Hab mich schon lange nicht mehr mit MP3s beschäftigt...bin sozusagen nicht mehr up-to-date. Früher natürlich über Napster...
Jetzt kreisen allerdings soviele Links durchs Netz, was taugt denn wirklich was ? Meine Bekannten raten zu atlantic city oder kazaar (Keine Ahnung ob richtig geschrieben...). Wer kann mir nen Rat geben ?

Merci beaucoup !
nova


----------



## Psyclic (28. September 2001)

audiogalaxy.com ... is phat geil


----------



## Shiivva (28. September 2001)

audiogalaxy funktioniert bei mir nicht... 

Hab so ziemlich alles ausprobiert, am Besten haben mir bearshare, limewire und gnotella gefallen...


----------



## addïct (28. September 2001)

Hab schon alles mögliche probiert und am besten ist meiner Meinung nach winmx. (http://www.winmx.com)


----------



## Kugu (28. September 2001)

Also wenn du Musik hörst, welche nicht die breite Masse besitzt empfehle ich 
Audiogalaxy Satellite ( audiogalaxy.com ) denn da bekommst du wirklich 99% der Musik die du suchst. 

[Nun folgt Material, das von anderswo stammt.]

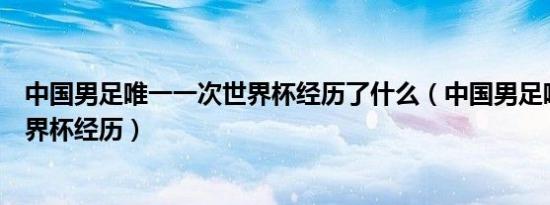 中国男足唯一一次世界杯经历了什么（中国男足唯一一次世界杯经历）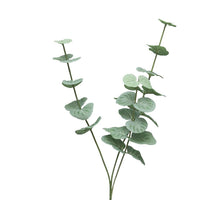 Eucalyptus Cinera lvs pick x3 60cm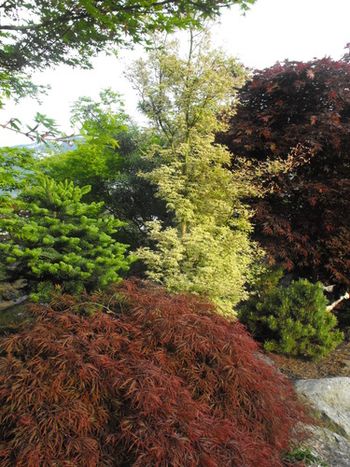 Acer palmatum Ukigumo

Wenn du Songs aus z.B den Charts downloaden willst würde ich 
immer Morpheus benutzen (nutzt auch das Kazaa Protokoll, soweit ich weiß ). 

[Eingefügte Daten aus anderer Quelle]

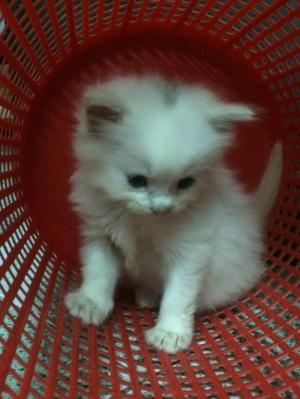 Tìm chủ mới cho 3 Bé Mèo Anh LD mắt 2 màu Xanh và Nâu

Dort bekomme ich konstante 80kb Speed, denn man lädt eine Datei von mehreren Usern gleichzeitig herunter. 
( Morpheus steht bei downloads.com seit Wochen auf Platz eins der meistgedownloadesten Software 
und User, sind eigentlich immer mehr als 500.000 User online )

Soweit von mir


----------



## Psyclic (21. November 2001)

bah ich hab mir heute ma morpheus runtergeladen...voll der dreck da findste ja gar nix!!!
ich such ne kleine alternative zu audiogalaxy weil der speed nich so pralle is...hab ja jetzt dsl *fg*


----------



## Shiivva (21. November 2001)

mit morpheus ist es halt wie bei den meisten filesharing-programmen...immer wieder probieren 
d.h. so gegen Nachmittag find ich da auch kaum was gegen abend allerdings schon...
kommt ja auch drauf an, was Du suchst *g*


----------



## redfreakz (6. Dezember 2001)

also meiner meinung nach gibt es kein ultimatives sharingtool bei dem du alles bekommst was du suchst (wie bei napster.. von underground bis massenware)... ich hab einfach die bekanntesten tools installiert (audiogalaxy, morpheus, winmx, edonkey, direct connect und napigator -> für winmxserver) und geh dann wenn ich was suche die einzelnen progs durch bis ich es gefunden hab! ist leider nicht mehr so einfach wie bei napsterzeiten aber ich finde trotzdem alles was ich brauche 

am meisten kann ich von den programmen audiogalaxy, winmx und edonkey empfehlen (wobei edonkey nicht so gut für einzelne lieder ist, sondern mehr für gepackte alben und filme)


----------